There are three groups of people opposed to network neutrality. 1) People who don't like government regulation in general, 2) Telecoms lobbyists and 3) People who don't understand what network neutrality is.
Obviously only the first are worth listening to, though the second are the loudest and the third are the most numerous.
And the issue with listening to the first group is that we have to do it in the right order. The principle of not having the government regulate is that the free market will take care of it, but there is currently no free market for telecommunications, in part because the government has given the incumbents access to eminent domain and a trillion dollars in government subsidies over the past century.

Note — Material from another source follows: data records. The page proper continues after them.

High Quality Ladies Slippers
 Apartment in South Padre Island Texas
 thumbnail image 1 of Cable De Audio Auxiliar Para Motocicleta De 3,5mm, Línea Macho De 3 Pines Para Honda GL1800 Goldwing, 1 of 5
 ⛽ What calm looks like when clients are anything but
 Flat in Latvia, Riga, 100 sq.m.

So the order of things would have to be to first somehow have strong last-mile competition (e.g. more than 20 providers on average) and only then remove network neutrality.
The people who actually believe this also believe that last mile is not a natural monopoly. The proper way to answer it is to give them e.g. Nevada and let them prove it. Then once Nevada somehow has 20 independent last mile providers, we can do the same thing everywhere else and won't need network neutrality anymore. And if they're wrong and they fail, then we'll know for sure and the only people opposed will be the people no one should ever listen to.
In theory they could also fail because they're wrong about something else, but whose problem is that? Either they can figure out how to have competition without regulation, or they can't and we need network neutrality.
Not trying to get involved in the debate around net neutrality, but you'd have to have criteria around what is success and what is failure. Depending on how you measure it, there are very few government programs that couldn't be simultaneously cast as either a success or failure depending on which criteria were chosen after the fact.
Clearly, those in favor will point out its positives and discard its negatives, and vice versa.
The point, I think I'm making, is that for those opposed to net neutrality, maybe some would be less opposed if success and failure were clearly defined, and whatever regulations enacted were the least and most tailored amount of regulations meant to specifically prevent the previously defined failure states. Giving broad and ambiguous authority over something like "the internet" is fraught with both wonder and peril, and until and unless "good" and "bad" are quantified, it seems unfair to castigate "the other side" as shills, or ignorant (not that I'm suggesting that you've done that, but it's definitely been done).
I can actually give you a pretty good definition if you want one.
Competition sufficient so that no last mile ISP has enough market power to charge transit or content providers for access to their customers. That's the exact minimum amount of competition necessary so that you don't need network neutrality regulations -- enough so that the market does the job for you.
We asked you to stop posting like this, so we've banned the account. We're happy to unban accounts if you email us at hn@ycombinator.com and we believe you'll post civilly and substantively in the future.
As it turns out, it doesn't matter if you're against net neutrality, it's still probably in your interest. Exceptions might include if you're a telecom rentier or an authoritarian interested in policing content.